◆ **INPUT DATA**:

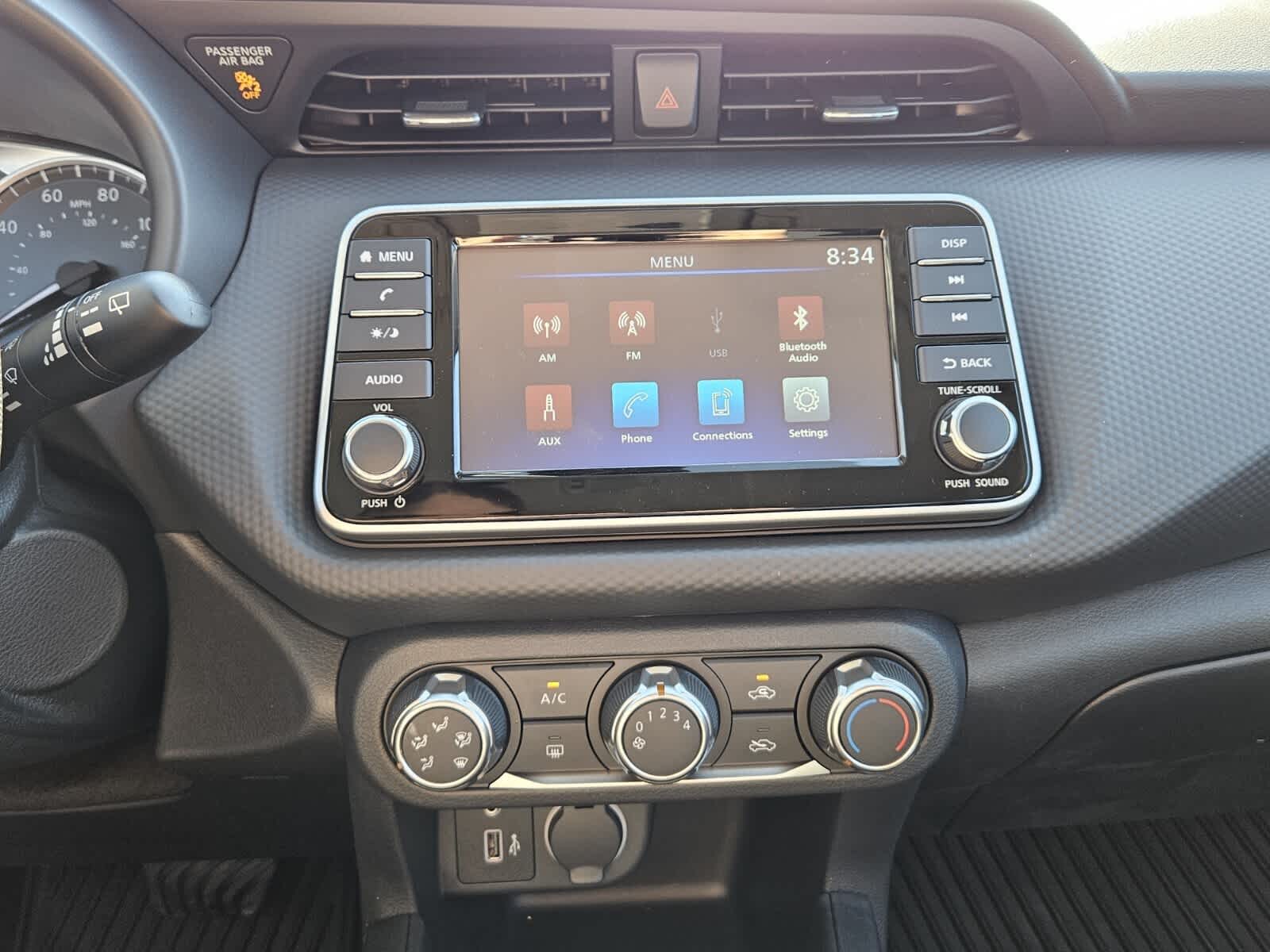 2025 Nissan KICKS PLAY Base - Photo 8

---

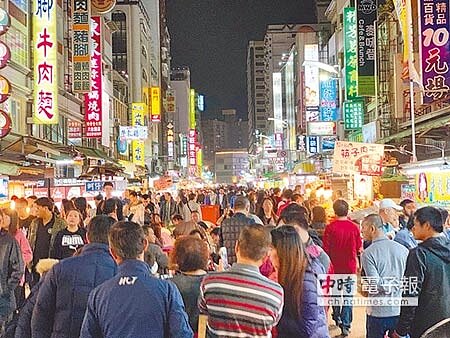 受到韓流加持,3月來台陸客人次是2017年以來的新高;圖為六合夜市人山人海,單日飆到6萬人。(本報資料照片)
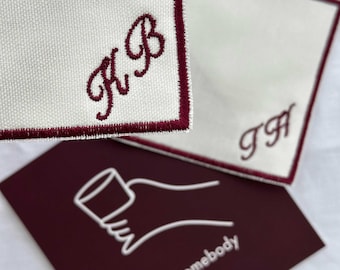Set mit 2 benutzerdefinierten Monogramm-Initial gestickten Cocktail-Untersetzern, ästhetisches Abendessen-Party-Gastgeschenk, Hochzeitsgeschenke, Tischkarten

◆ **WHAT THE TASK ASKS**: Although the records hold pictures, the copy must not; give again exactly the lines from the one with "受到韓流加持,3月來台陸客人" through the one with "Set mit 2 benutzerdefinierten".

◆ **RESULT FOR THIS TASK**:
 受到韓流加持,3月來台陸客人次是2017年以來的新高;圖為六合夜市人山人海,單日飆到6萬人。(本報資料照片)
Set mit 2 benutzerdefinierten Monogramm-Initial gestickten Cocktail-Untersetzern, ästhetisches Abendessen-Party-Gastgeschenk, Hochzeitsgeschenke, Tischkarten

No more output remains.